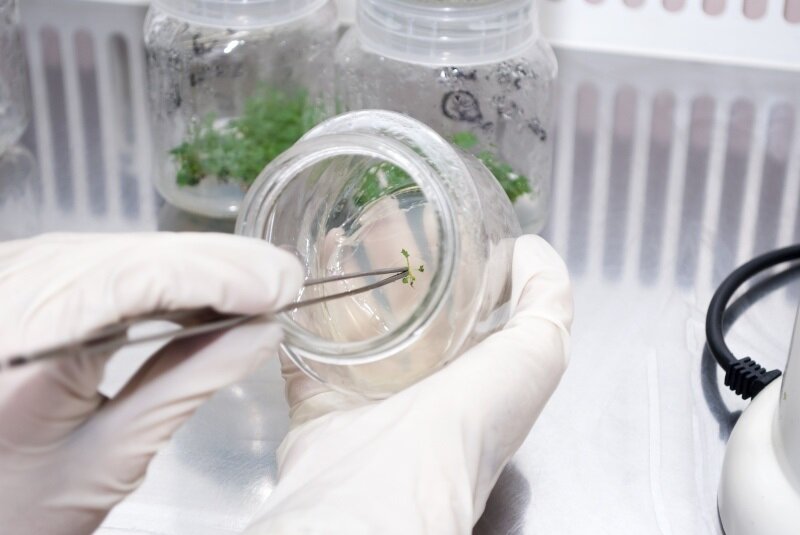 In vitro картинки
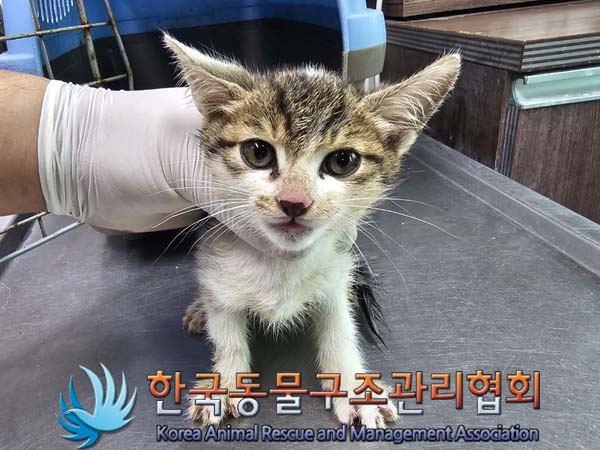 종료(입양) 한국 …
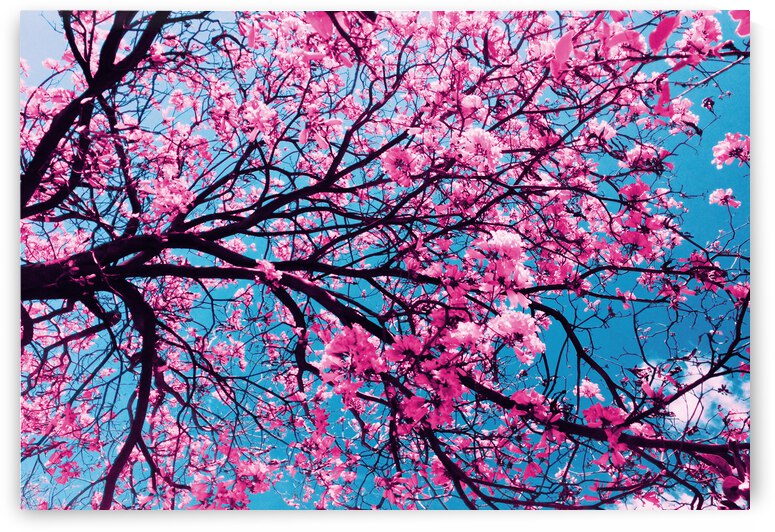 Cherry Blossom by Vibrant Canvases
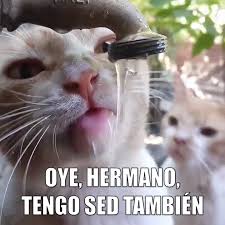 Miaucoles Oye Hermano Tengo Sed Tambien Memes Espanol Graciosos Hermanas Humor En Espanol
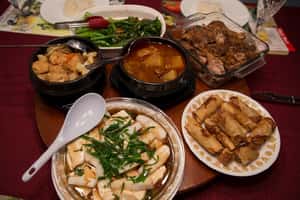 喧囂過後，廚餘怎麼處理？——中興大學楊秋忠老師專訪 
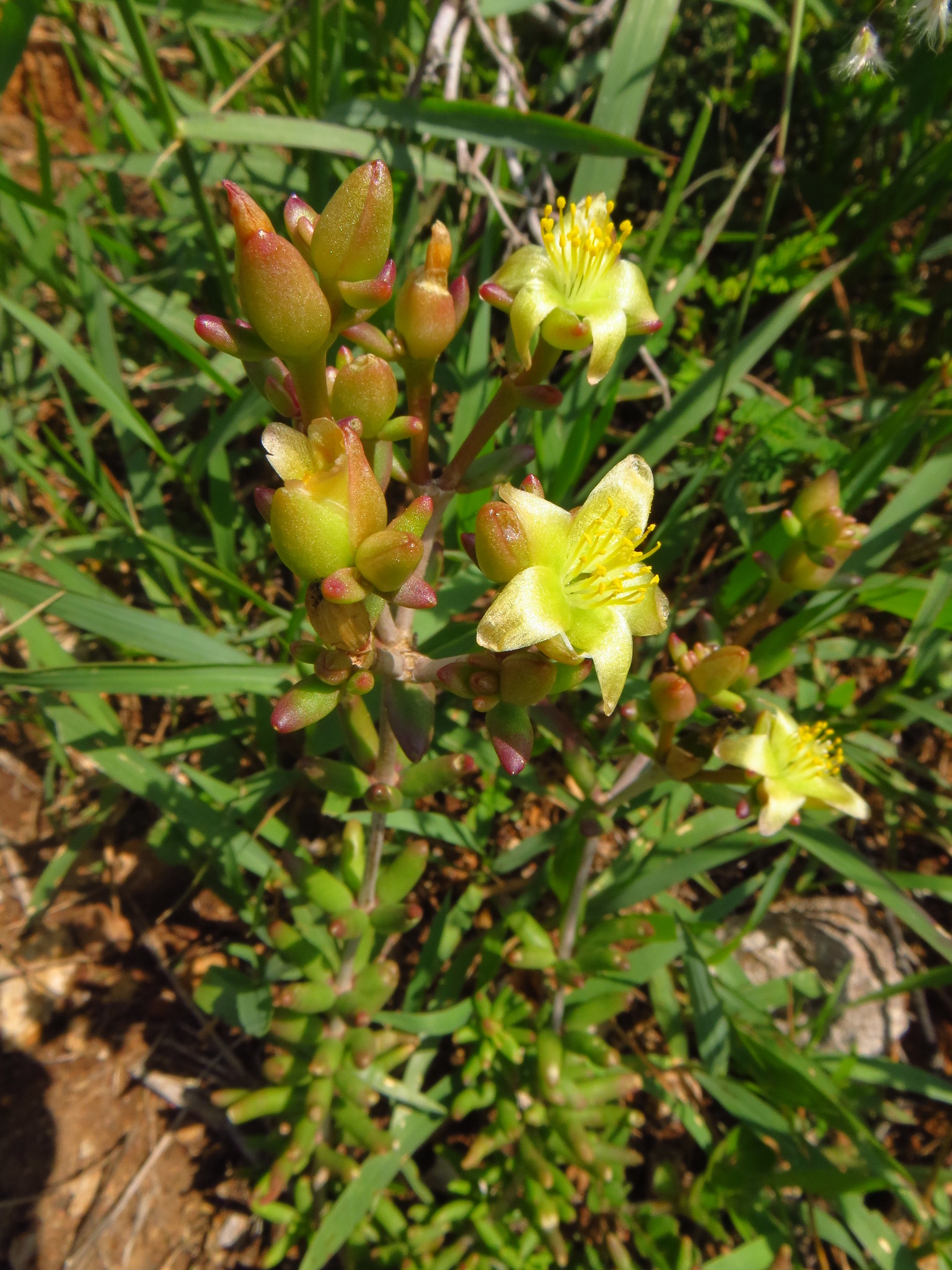 Talinopsis frutescens
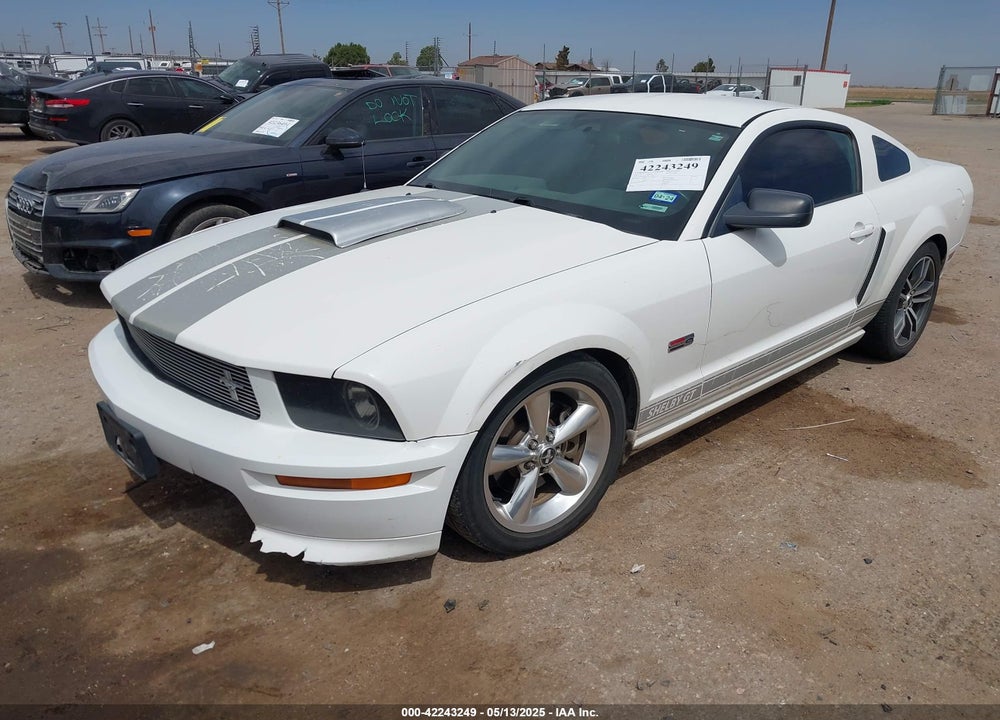 2007 FORD MUSTANG GT DELUXE/GT PREMIUM VIN: 1ZVHT82H175311300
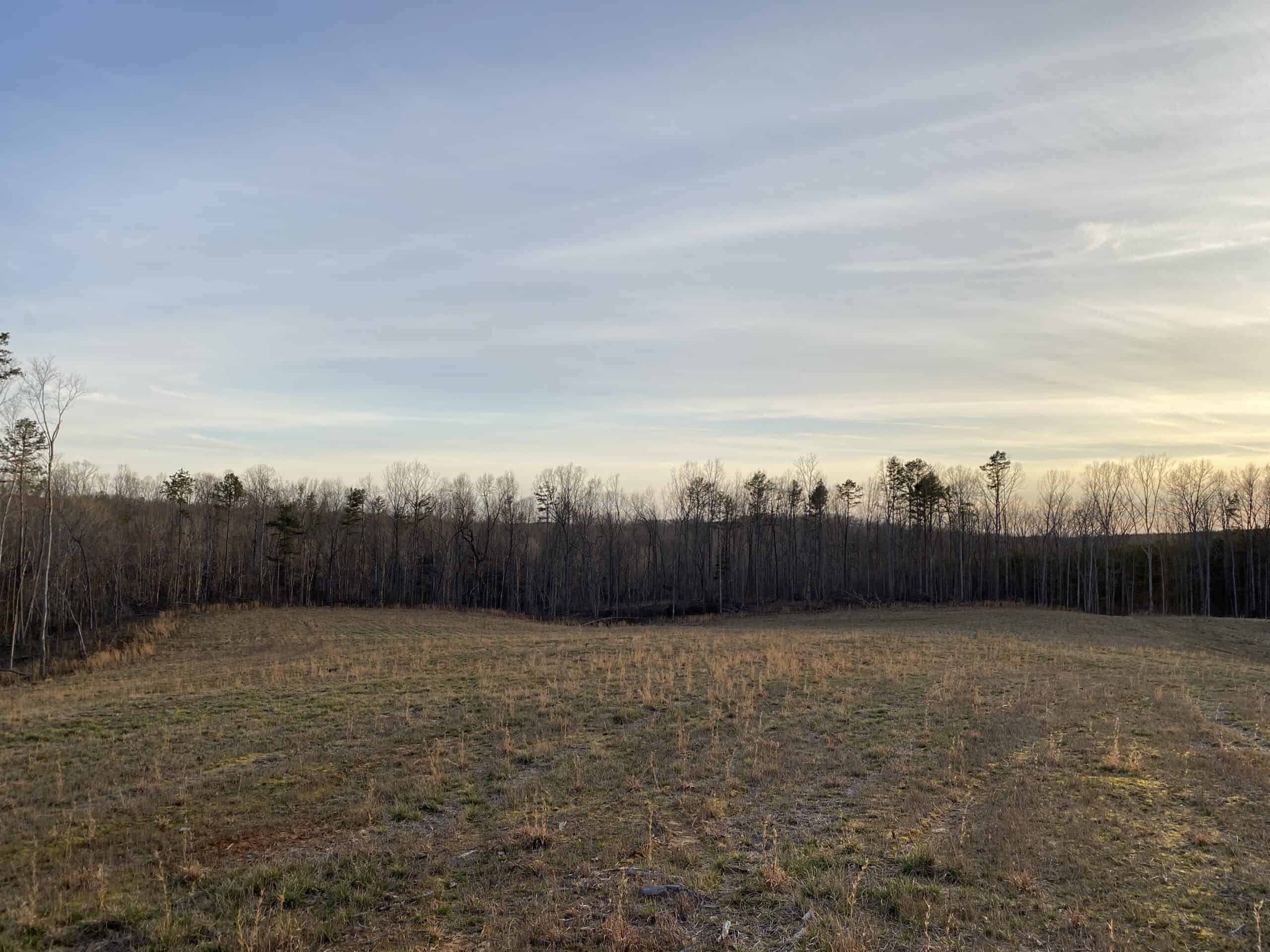 HUNTING PROPERTY FOR SALE IN TN, ROCK BOTTOM CREEKS & 5 FIELDS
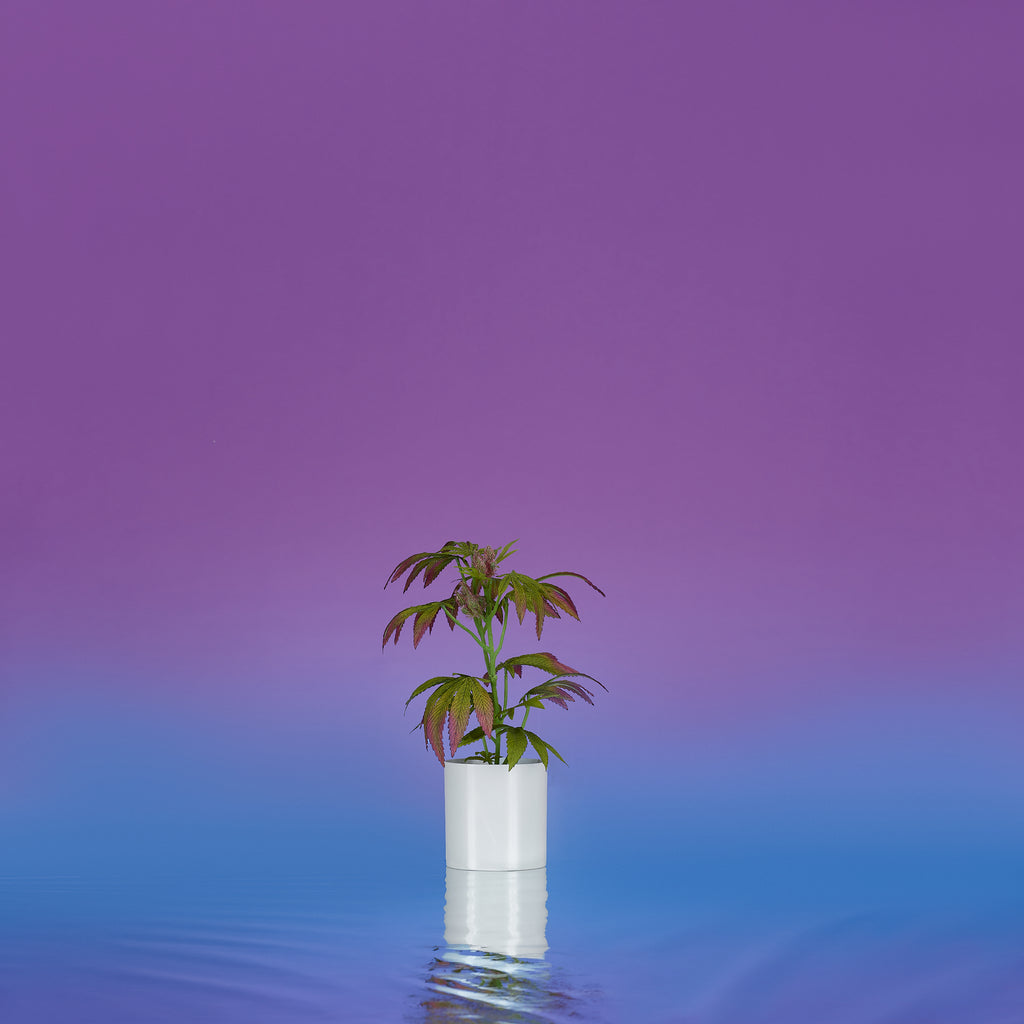 16 16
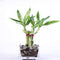 Athena's Garden Good Health Bamboo Arrangement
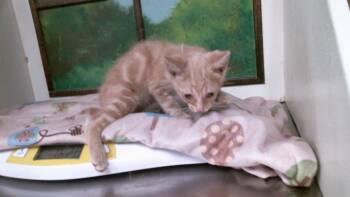 GRAPE -  Domestic Short Hair Cat for Adoption in Houston, Texas - GRAPE | PetCurious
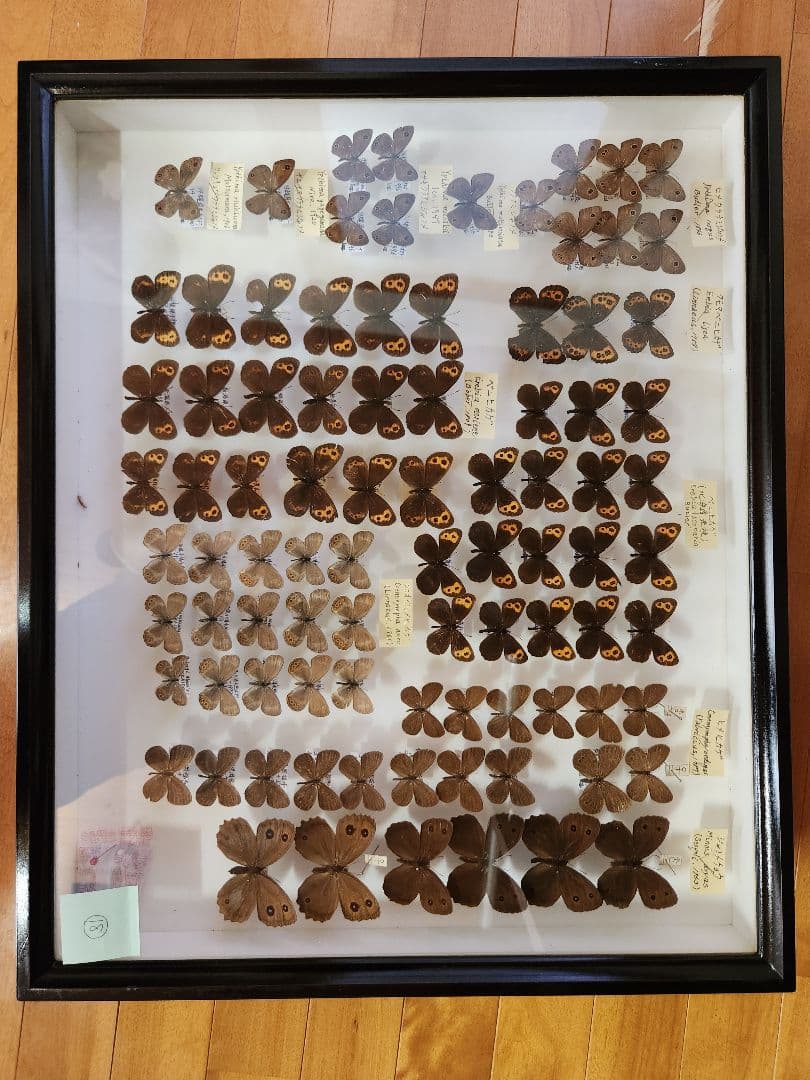 標本箱 ガラス製 約1820✖️600ブラウン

┄┄┄┄┄┄┄┄┄┄

Exercise brief: Quote exactly, and nothing besides, the lines from the one with "喧囂過後，廚餘怎麼處理？——中興大學楊秋忠老師專訪" through the end of the records above; include both ends and omit the pictures.

Solution to this problem:
 喧囂過後，廚餘怎麼處理？——中興大學楊秋忠老師專訪 
 Talinopsis frutescens
 2007 FORD MUSTANG GT DELUXE/GT PREMIUM VIN: 1ZVHT82H175311300
 HUNTING PROPERTY FOR SALE IN TN, ROCK BOTTOM CREEKS & 5 FIELDS
 16 16
 Athena's Garden Good Health Bamboo Arrangement
 GRAPE -  Domestic Short Hair Cat for Adoption in Houston, Texas - GRAPE | PetCurious
 標本箱 ガラス製 約1820✖️600ブラウン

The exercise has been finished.